Real Estate Firm Boosts Business Agility, Service Availability, with Virtualization

MLS Property Information Network, Inc. (MLS PIN) is the most prominent multiple listing service in New England, serving nearly 30,000 real-estate professionals with Web-based property listings. Keeping its Web servers up and running is a business-critical goal. Despite loading up on Web servers every spring to handle peak-season demands, MLS PIN still faced performance issues while stretching the limits of its physical space and power capacity. The company decided to replace its 60 stand-alone servers with 20 clustered servers, each supporting dozens of virtual machines that run Windows Server® 2008 Hyper-V™ technology and the Sanbolic Melio file system. MLS PIN now has a dynamic data center that can quickly pivot to meet the demands of business and deliver reliable availability to customers, while reducing annual hardware-related costs by 60 percent and operational costs by 30 percent.

 

Situation

MLS Property Information Network (MLS PIN) is the largest multiple listing service (MLS) in the New England area of the United States, and one of the top ten in the nation. It provides subscriber-based MLS services to nearly 30,000 real-estate professionals throughout New England, and serves 1.2 million consumers with a comprehensive database of nearly 60,000 active listings. The 55-person company prides itself on providing outstanding customer service to busy real-estate professionals who need to access a responsive, available MLS at any hour of the day or night.

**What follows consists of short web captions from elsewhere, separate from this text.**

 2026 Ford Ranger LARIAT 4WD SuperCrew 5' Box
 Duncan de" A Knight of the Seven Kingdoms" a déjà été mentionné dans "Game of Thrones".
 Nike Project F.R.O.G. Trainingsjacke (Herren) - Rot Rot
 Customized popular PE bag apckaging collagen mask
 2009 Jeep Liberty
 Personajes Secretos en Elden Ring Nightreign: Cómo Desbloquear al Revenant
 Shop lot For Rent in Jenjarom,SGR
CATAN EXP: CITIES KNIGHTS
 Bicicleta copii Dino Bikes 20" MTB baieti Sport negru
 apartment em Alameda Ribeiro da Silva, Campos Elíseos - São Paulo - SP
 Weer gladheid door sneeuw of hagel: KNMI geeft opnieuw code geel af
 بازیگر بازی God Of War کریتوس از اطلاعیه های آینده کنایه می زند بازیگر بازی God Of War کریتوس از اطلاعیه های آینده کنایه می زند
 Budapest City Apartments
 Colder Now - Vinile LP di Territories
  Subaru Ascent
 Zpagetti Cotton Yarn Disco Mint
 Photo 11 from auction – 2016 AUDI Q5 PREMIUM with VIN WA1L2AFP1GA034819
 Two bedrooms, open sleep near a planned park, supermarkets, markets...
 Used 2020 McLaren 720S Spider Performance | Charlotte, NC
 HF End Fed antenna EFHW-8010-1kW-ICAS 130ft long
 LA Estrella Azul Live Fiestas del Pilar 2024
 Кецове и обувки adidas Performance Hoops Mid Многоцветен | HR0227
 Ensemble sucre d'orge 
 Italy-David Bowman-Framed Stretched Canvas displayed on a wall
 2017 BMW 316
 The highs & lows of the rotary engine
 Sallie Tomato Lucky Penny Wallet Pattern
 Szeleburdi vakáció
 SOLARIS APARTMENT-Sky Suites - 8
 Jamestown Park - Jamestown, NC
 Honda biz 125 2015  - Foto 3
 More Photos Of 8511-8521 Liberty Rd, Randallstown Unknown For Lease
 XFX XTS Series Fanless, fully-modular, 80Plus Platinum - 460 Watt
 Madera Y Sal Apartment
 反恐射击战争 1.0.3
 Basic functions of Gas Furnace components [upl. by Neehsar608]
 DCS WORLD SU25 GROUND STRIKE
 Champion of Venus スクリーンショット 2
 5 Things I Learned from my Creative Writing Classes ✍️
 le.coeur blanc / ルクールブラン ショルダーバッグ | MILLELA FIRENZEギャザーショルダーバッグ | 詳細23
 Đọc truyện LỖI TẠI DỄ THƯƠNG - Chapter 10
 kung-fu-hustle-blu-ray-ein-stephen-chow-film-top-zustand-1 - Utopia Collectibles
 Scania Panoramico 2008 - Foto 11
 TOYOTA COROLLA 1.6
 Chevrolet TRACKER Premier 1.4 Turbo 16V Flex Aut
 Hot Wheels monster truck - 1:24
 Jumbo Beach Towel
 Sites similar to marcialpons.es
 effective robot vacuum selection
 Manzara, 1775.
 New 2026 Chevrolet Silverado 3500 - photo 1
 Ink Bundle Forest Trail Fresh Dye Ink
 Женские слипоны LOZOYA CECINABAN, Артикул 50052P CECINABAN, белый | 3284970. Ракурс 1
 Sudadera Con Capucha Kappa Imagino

Because of its rapid growth, making sure that its Web-based MLS service is open for business and delivering lightning fast response times had become an expensive and challenging technology problem during the busy season. Real-estate activity in the springtime is five times busier for MLS PIN than at other times. To handle the ever-increasing Web traffic, the IT staff had to bring in six to eight additional Web servers during the spring. The servers were expensive and required significant installation work during the busiest time of the year.

Not only were these additional servers expensive to acquire and install; they were expensive to maintain, each year increasing the stress on the small IT staff now headed by Matt Lavallee, Director of Technology for MLS Property Information Network. “Because our servers were purchased at different times, to accommodate our rapid growth, we eventually had 27 different server configurations,” he explains. “Any time there was a patch or driver update or a hardware issue, we had to track down the specifications of the particular server to service it. My staff of four spent significant time just doing hardware administration work.”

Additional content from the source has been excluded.